25. A mobile radio system, comprising: a first transmission station; a second transmission station to receive first data packets from the first transmission station; a mobile receiver station to receive first data packets from the first transmission station via a connection through the second transmission station; a third transmission station to receive second data packets after a handover of the connection from the second transmission station to the third transmission station, the second data packets being received from the first transmission station for transmission to the mobile receiver station; a checking unit to determine information about first data packets that were not successfully transmitted to the mobile receiver station by way of the second transmission station, the checking unit being provided in the second transmission station and/or the mobile receiver station; and an information send unit to send the information to the first transmission station and/or the third transmission station only after the handover of the connection to the third transmission station has taken place and second data packets have been sent from the first transmission station to the third transmission station.

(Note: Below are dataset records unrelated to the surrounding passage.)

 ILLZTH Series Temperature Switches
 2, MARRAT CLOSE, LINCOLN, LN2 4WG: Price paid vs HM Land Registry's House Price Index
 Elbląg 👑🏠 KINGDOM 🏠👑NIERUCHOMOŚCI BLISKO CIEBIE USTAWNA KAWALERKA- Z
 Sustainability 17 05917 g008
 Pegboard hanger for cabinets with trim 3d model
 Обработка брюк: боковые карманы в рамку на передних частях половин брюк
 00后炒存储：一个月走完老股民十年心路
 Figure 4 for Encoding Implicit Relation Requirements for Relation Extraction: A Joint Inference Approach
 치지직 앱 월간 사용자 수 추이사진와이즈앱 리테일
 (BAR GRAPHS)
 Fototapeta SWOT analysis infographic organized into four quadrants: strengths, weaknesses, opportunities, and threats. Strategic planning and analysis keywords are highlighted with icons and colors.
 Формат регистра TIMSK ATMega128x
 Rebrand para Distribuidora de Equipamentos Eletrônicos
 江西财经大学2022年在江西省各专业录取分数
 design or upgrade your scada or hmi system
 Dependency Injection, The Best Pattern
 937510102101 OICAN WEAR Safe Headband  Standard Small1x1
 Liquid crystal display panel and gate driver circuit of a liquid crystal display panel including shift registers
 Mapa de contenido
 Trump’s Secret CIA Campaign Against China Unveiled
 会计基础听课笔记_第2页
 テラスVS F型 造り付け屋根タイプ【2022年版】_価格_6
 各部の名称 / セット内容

26. The system according to claim 25, wherein the information send unit sends the information only after the second data packets have been transmitted from the third transmission station to the mobile receiver station.

27. The system according to claim 25, wherein pre-handover packets are successfully received at the receiver station, the pre-handover packets being sent from the first transmission station via the second transmission station.

28. The system according to claim 25, wherein post-handover packets are sent after sending the information, the post-handover packets being sent from the first transmission to the mobile receiver station via the third transmission station.

29. The system according to claim 25, wherein the handover is a hard handover.

30. The system according to claim 25, wherein the handover is part of a Fast Cell Selection process.

31. The system according to claim 25, wherein the first data packets which that not successfully transmitted to the receiver station comprise: packets that were transmitted to the second transmission station, but were not transmitted from the second transmission station to the receiver station before the handover; packets for which the mobile receiver station has sent a NACK signal.

32. The system according to claim 25, wherein the first transmission station is a controller, the second and third transmission stations are base stations, and the receiver station is a user equipment.

33. The system according to claim 25, wherein the system is part of an ad-hoc network, the first transmission station is a mobile station or an access station, and the second and third transmission stations and also the receiver station are mobile stations.

34. The system according to claim 25, wherein the second data packets do not match any of the first data packets.

35. The system according to claim 25, wherein the handover occurs before all of the first packets are transmitted from the second transmission station to the mobile receiver station, thereby leaving remaining first packets; the second data packets include data packets that match the remaining first data packets.

36. The system according to claim 35, wherein the remaining first data packets are not successfully transmitted from the second transmission station to the receiver station after the handover.

37. The system according to claim 25, wherein the remaining first data packets are identified on the basis of a probable duration of transmission from the first transmission station to the second transmission station or from the first transmission station to the receiver station, and after identification, the remaining first data packets are sent to the receiver station as second data packets.

38. The system according to claim 37, wherein the remaining first data packets are identified in the first transmission station.

39. A system for eliminating handover delays from a second transmission station to a third transmission station, comprising: sending new packets to the third transmission station before sending to the third transmission station packets that were unsuccessfully transmitted before the handover.